### Recorded information
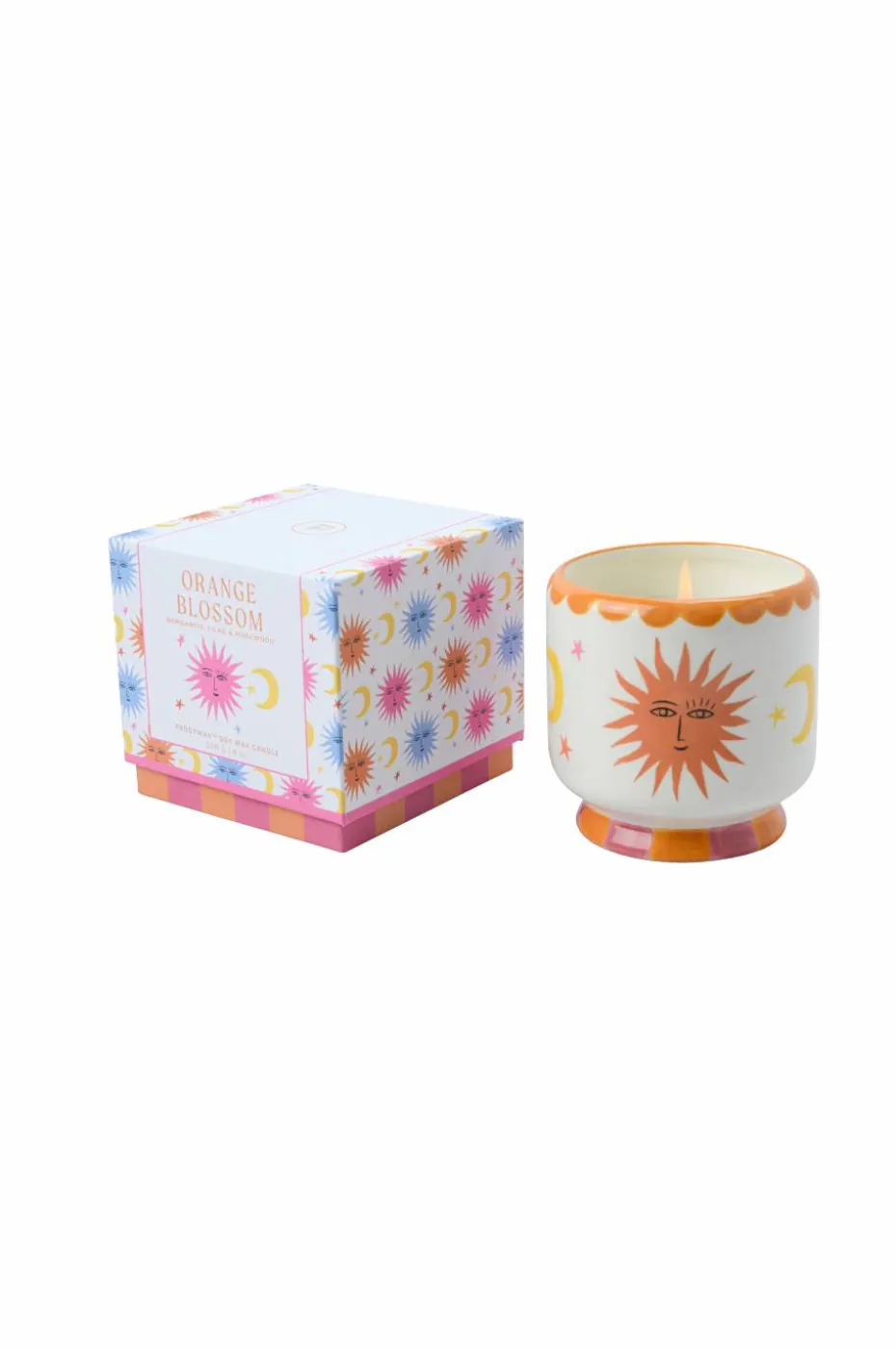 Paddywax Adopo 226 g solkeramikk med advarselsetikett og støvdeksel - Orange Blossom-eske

==

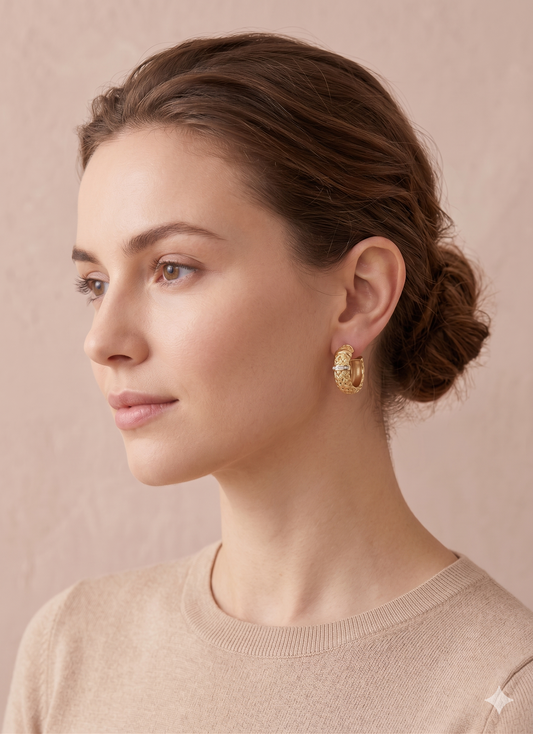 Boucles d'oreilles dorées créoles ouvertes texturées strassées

--

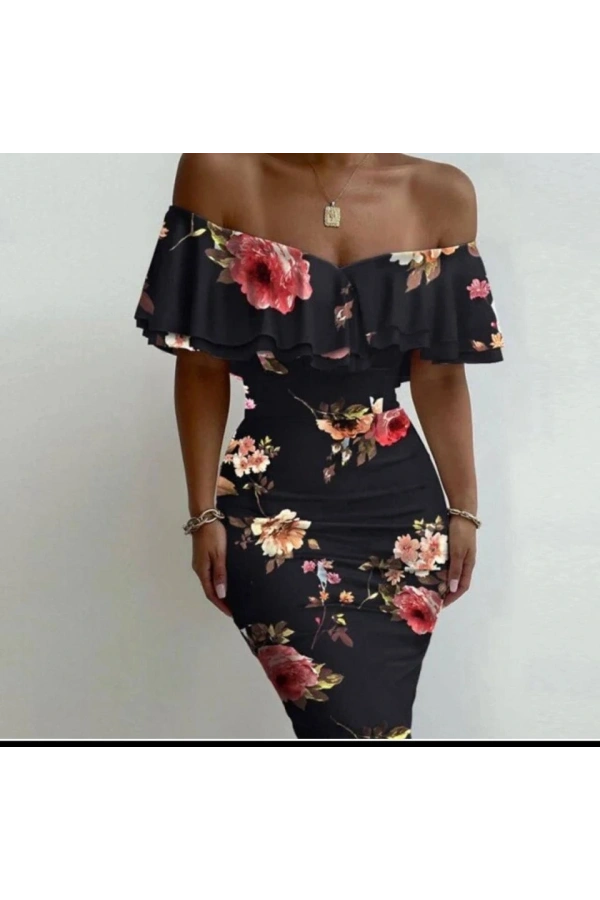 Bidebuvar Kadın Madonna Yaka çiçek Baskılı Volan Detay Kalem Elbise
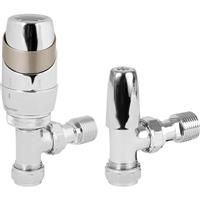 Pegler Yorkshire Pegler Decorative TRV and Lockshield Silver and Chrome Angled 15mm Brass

### Your assignment
Return exactly the lines above, from the one with "Bidebuvar Kadın Madonna" up to and including the one with "Pegler Yorkshire Pegler", and include no pictures.

### Output below
 Bidebuvar Kadın Madonna Yaka çiçek Baskılı Volan Detay Kalem Elbise
 Pegler Yorkshire Pegler Decorative TRV and Lockshield Silver and Chrome Angled 15mm Brass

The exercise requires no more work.